The voices of prominent clerics are important because they can reinforce or undermine perceptions and eliminate or encourage distrust. As Gulf states advance normalization with Israel, their promotion of clerics or religious figures with antisemitic, anti-Zionist, or pro-Islamist views are, to put it mildly, counterproductive.

This isn’t merely an issue for the Jewish State; Americans, too, are sensitive toward antisemitism and see the defense of groups like Hamas and the Muslim Brotherhood as poisonous. Promoting moderate, western-friendly clerics and Muslim religious leaders should be more than public relations. It makes strategic sense as well.

Religious Tolerance Is Necessary to Move Forward

The Emirates should be applauded for its efforts in fostering the values of comity, affection, and co-existence between religious faiths, especially in a region where such tolerance has been rare.
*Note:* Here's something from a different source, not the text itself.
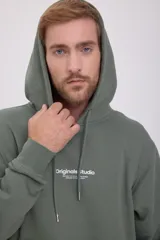 Canguro verde oliva de manga larga con capucha, corte relajado y bolsillo tipo canguro. Estampado con el texto "Originals Studio" en el pecho.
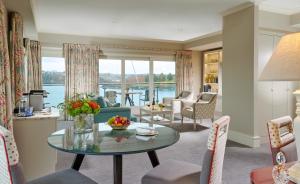 Khu vực ghế ngồi tại Trident Hotel Kinsale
The recently announced Abrahamic House of Fraternity on Saadiyat Island near Abu Dhabi is a remarkable first-ever construction of a large church, mosque, and synagogue in one complex.

“The UAE has people from the Jewish faith, the Christian faith and, of course, the Muslim faith,” Mohamed Khalifa Al Mubarak, chairman of the UAE’s Department of Culture and Tourism, told the media. “We are creating a place where they can practice their religion freely and learn from each other.” These efforts are authentic and, for the West’s Jews and Christians, both welcome and heart-warming.

But the Emirate’s leaders—and indeed, Saudi Arabia’s and Egypt’s—should not mistake high-profile interfaith happenings for the substantial progress toward peace that can result only from shared strategic interests as nation-states. In the real world, far away from the “peace processors” in luxury seaside resorts or European capitals, economic, military, technological interests are the glue binding relationships between countries. As political entities, nations are far more powerful peace partners.

It’s critical that the Arab world’s interfaith efforts are more than PR directed abroad. The trends toward and authentic peace and normalization in the Middle East today are between nations, rather than amorphous concepts like “civilizations,” which lead to little tangible, political results. As such, they can survive the occasional mistake, oversight, or misstep. And they will survive the poor choice of spokesmen such as al-Tayyeb for the interfaith cause.